Fort Worth's Alliance Airport examines its future


FORT WORTH, Texas (AP) — The Fort Worth airport built on a former cow pasture is at a crossroads with two major clients leaving, even as the airport's opening helped spur plenty of development around it.

Alliance Airport sparked new retailers, apartment complexes and other development along Interstate 35 in Fort Worth, and the airport itself helps move millions of pounds of cargo every year. But with American Airlines and Bell Helicopter set to leave, and some of the plans for Alliance have not come to fruition more than two decades after its opening, the Fort Worth Star-Telegram reported ( ) Thursday.

Officials plan to eventually spend $240 million in federal, state and other funding to reconfigure roads and extend runways.

Tim Ward, president of Alliance Air/Aviation Services, told the newspaper he still considered the project a success.

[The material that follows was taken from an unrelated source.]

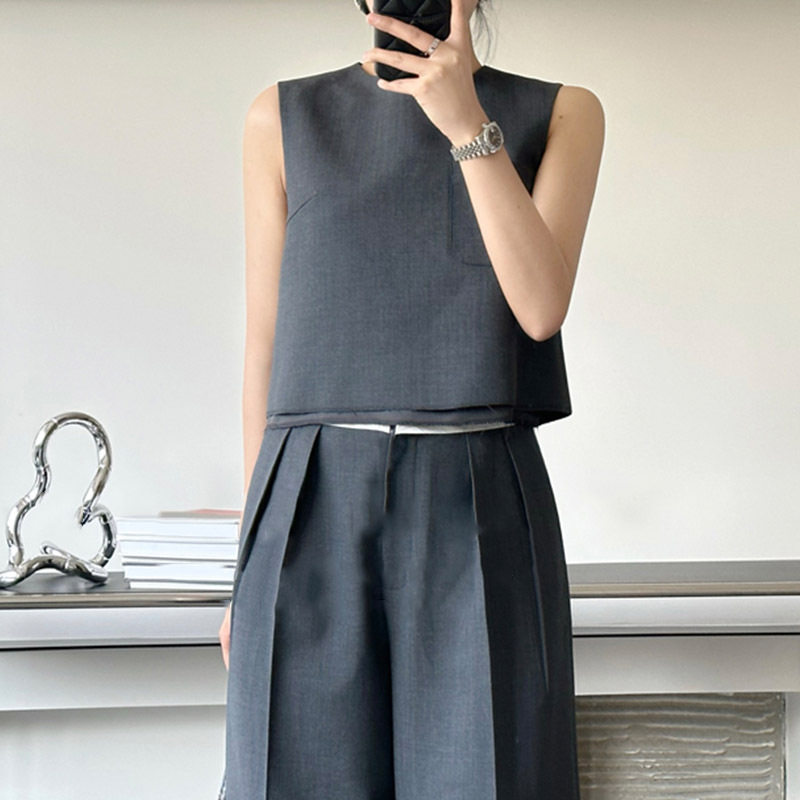 现货WANGE   一片式天丝休闲套装夏装无袖背心高腰阔腿西裤两,女装/女士精品,马夹,淘宝优惠券,粉丝福利购,淘宝优惠卷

"Although the airport, in terms of the development around it, hasn't been completed as fast as we perhaps initially envisioned, it truly became a catalyst for everything else around here," Ward said.

American built a maintenance facility at Alliance two years after the airport opened in 1989. FedEx later established a regional shipping hub that still generates plenty of revenue.

But attempts to lure major aerospace companies like Boeing and Airbus have failed.

"We've chased a lot of those big deals," said Mike Berry, president of Hillwood Properties, which developed the airport, a brainchild of Hillwood chairman Ross Perot Jr. "Those projects are few and far between and, when you look at those deals, the state incentives are so high, that's usually what takes it over the edge."

Alliance executives must also deal with American shutting down its maintenance hangar as part of its bankruptcy restructuring. Bell Helicopter is also moving its commercial helicopter customer service center and training academy to new headquarters in Fort Worth.

Officials hope extending runways to 11,000 feet — the longest one is currently 9,600 feet — will accommodate larger planes and more international traffic, and help Alliance compete with Dallas-Fort Worth International Airport.

Terry Clower, an economist at the University of North Texas, said officials could afford to be cautiously optimistic.

"They are certainly going to face some challenges, but because of the success of the rest of Alliance, they can ride this out."